5 Common Small Business Cyber Security Myths

computerBy Hanna Burmeister, Michigan SBDC 

It’d be difficult to find a business today that doesn’t use at least one computer-based or online system.  With online cloud-based services available for anything from accounting to file sharing, it’s no wonder that small businesses are adopting (and inventing) these new technologies.  However, as technology gets smarter, so do hackers.

Though cyber attacks on large companies like Target or Home Depot may make headlines, hackers are increasingly targeting small businesses.  Unfortunately, most small businesses are unaware of cyber security threats, leaving them especially vulnerable.

In order to better understand small business cyber security, let’s start by investigating five common cyber security myths:

1. Hackers only target large companies.
Unfortunately, small businesses make excellent targets for hackers. Most small businesses don’t have the resources to invest in heavy-duty security measures, but still possess valuable information.  Additionally, many small businesses are simply unaware of cyber security risks and how to mitigate them. Hackers are a real threat to small businesses, and developing a cyber security strategy is incredibly important no matter a business’ size. 

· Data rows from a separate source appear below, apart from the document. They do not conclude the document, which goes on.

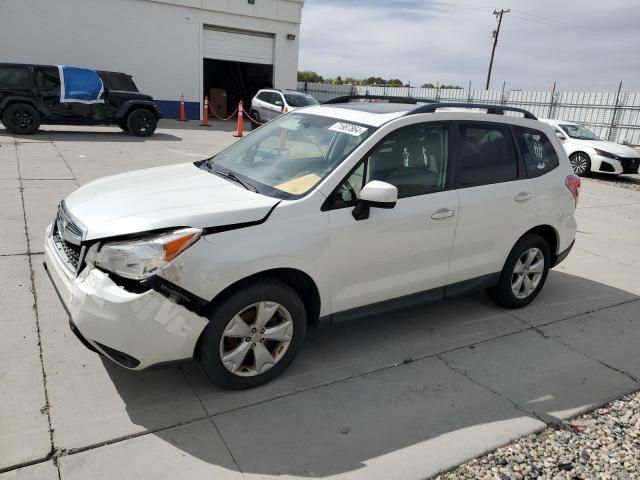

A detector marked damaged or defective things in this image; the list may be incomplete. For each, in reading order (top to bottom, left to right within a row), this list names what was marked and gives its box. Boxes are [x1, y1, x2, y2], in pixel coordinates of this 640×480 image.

crack in pavement [13, 137, 62, 478]
damaged front bumper [43, 224, 209, 368]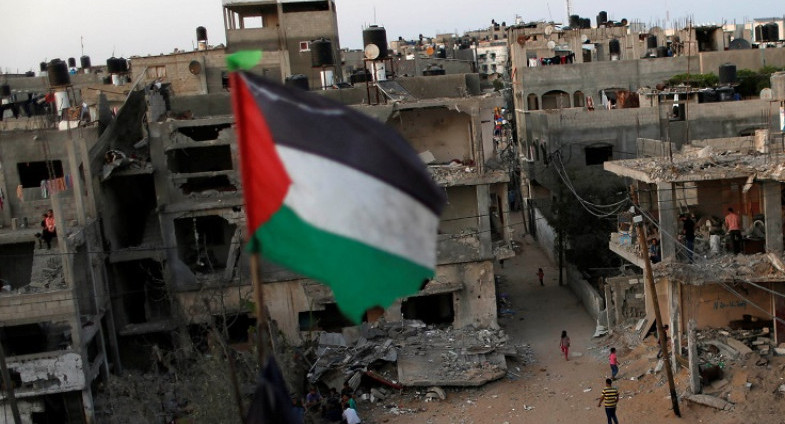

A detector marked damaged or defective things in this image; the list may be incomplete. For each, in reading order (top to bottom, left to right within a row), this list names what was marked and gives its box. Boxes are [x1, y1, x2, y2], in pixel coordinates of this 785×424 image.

broken window [175, 123, 230, 142]
broken window [16, 160, 63, 186]
broken window [166, 145, 233, 173]
broken window [178, 175, 236, 195]
broken window [580, 145, 612, 166]
broken window [176, 217, 237, 274]
broken window [298, 304, 356, 332]
broken window [404, 294, 454, 326]
broken window [0, 322, 72, 356]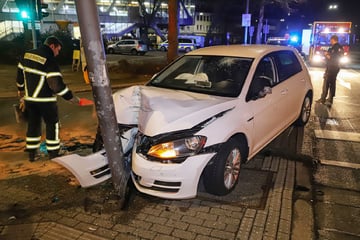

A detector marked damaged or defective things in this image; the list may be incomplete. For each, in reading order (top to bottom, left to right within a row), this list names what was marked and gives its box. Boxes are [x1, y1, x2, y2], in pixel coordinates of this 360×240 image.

2. Cyber security is too expensive.
While your business may not have an extensive cyber security budget, making smart decisions now can save you thousands of dollars in the long run.  Here are three simple strategies to better protect your business:

Passwords: The longer your passwords are, the safer they are. Ideally, all passwords should include upper & lowercase letters, numbers, and special characters.  Never use the same password for multiple sites or logins, and never display your passwords publicly (no, not even written down and left next to your computer!).

Enable two-factor authentication (2FA): Two-factor authentication is a technology that uses two different components to identify users. For example, with an account using 2FA you may be asked to enter your username and password, and then sent a text message with a verification code. You will need to enter the verification code before being able to access your account. If a hacker were to obtain your account password, 2FA adds another level of security by sending a unique code to your phone.  Without this unique code, the hacker is stuck.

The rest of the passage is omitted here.